The Athlon 64 FX-60 finds itself in tight with the Pentium EE 955 in the PCMark05 System benchmarking, and can actually only muster a second-place finish. The presence of Hyper-Threading in the Pentium EE 955 is the determining factor, and the quad-threaded advantages give Intel the slight edge. Even so, the Athlon 64 FX-60 represents a new performance high for AMD dual core processors, and it makes short work of the Athlon 64 FX-57 as well.
The PCMark04 memory test showed the Athlon 64 FX-60 falling back a bit from the competition, but the newer PCMark05 benchmark evens that out. This time, it's the Pentium EE 955 playing second fiddle to the newest AMD processor, and even the Athlon 64 FX-57 has to take a back seat. The winner this time (just as it was in PCMark04) is the Pentium 4-3.73 GHz Extreme Edition, which features the killer combination of a 1066 MHz bus, a single core design, and higher-bandwidth DDR2 memory.

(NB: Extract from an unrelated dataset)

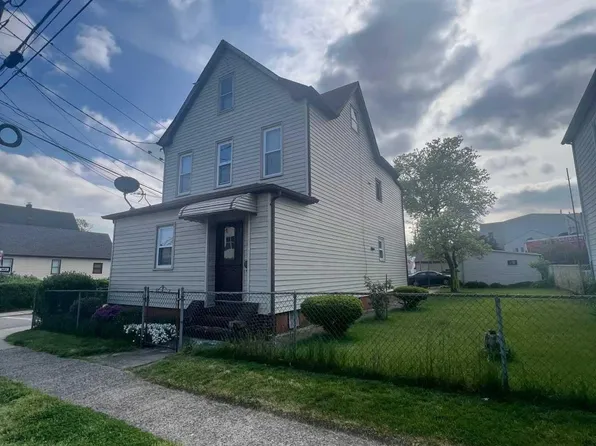 23 Blakely Pl, Garfield, NJ 07026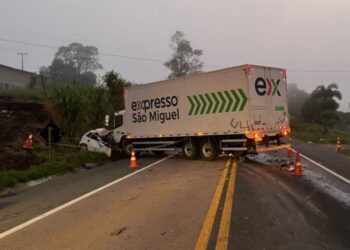 Colisão frontal entre carro e caminhão acaba com duas pessoas mortas, na BR-476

The CPU section of the PCMark05 suite does show the Athlon 64 FX-60 as the class of the AMD camp, but on the other hand, it highlights the impact of Hyper-Threading as well. The Pentium EE 955 is the class of this benchmark, but as we can see from the high performance of the Pentium EE 840, HT support is incredibly important in this particular benchmark.